Hacker Newsnew | past | comments | ask | show | jobs | submitlogin

My turn to nitpick!

RGB to grayscale: V = r x g x b/3 (one line).

The Sobel operation is at most 4 nested loops (really only 3) for a total of ~7 lines of code, depending on how you like your white space.

Fold the summation into your Sobel function without requiring another line.

The most complicated thing used from the OpenCV library (which I'm well aware is C++!) is JPEG decoding. OK, I'm avoiding swirling, but then it isn't needed to solve the CAPTCHA anyway.



Show me working code and then we can talk. :)

Oh, BTW, "V = r x g x b/3" is incorrect. This is not you convert a color image to a grayscale image.

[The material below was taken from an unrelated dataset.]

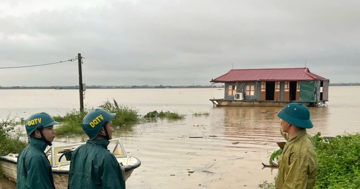 Nước sông Hồng lên cao, Hà Nội vận động dân rời thuyền lên bờ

Ok, I'll do. I will assume that we already have the image in an 1-dimensional array, each element containing an array of the RGB values. Then we can convert it to grayscale with one line of python.

    gray = map(lambda p:sum(p)/3,IMG)
If you want to test it, you can use this 3x3 sample image (or just load one):

    IMG = [[5, 5, 5], [6, 8, 9], [94, 123, 4], [54, 5, 32], [44, 3, 3], [34, 234, 33], [5, 5, 5], [6, 8, 9], [94, 123, 4]]
The result will look like this:

    [5, 7, 73, 30, 16, 100, 5, 7, 73]
If your image happens to be loaded into a 2-dimensional array, use this:

    gray = map(lambda row:map(lambda p:sum(p)/3,row), IMG)
Sobel is slightly more complicated, but can be written like this (you'll need a larger sample image though):

    width, height #width and height of our image
    IMG           #2D array of our RGB values
    sobel         #result image
    # The actual filter starts here:
    for x in range(1,width-1):
        for y in range(1,height-1):
			sx = IMG[x-1][y-1]+IMG[x][y-1]*2+IMG[x+1][y-1]-IMG[x-1][y+1]-IMG[x][y+1]*2-IMG[x+1][y+1]
			sy = IMG[x+1][y-1]+IMG[x+1][y]*2+IMG[x+1][y+1]-IMG[x-1][y-1]-IMG[x-1][y]*2-IMG[x-1][y+1]
			sobel[x][y] = Math.sqrt(sx*sx+sy*sy)
A total of 5 lines. And I have to thank you, because I finally just learned what convolutions are while doing this.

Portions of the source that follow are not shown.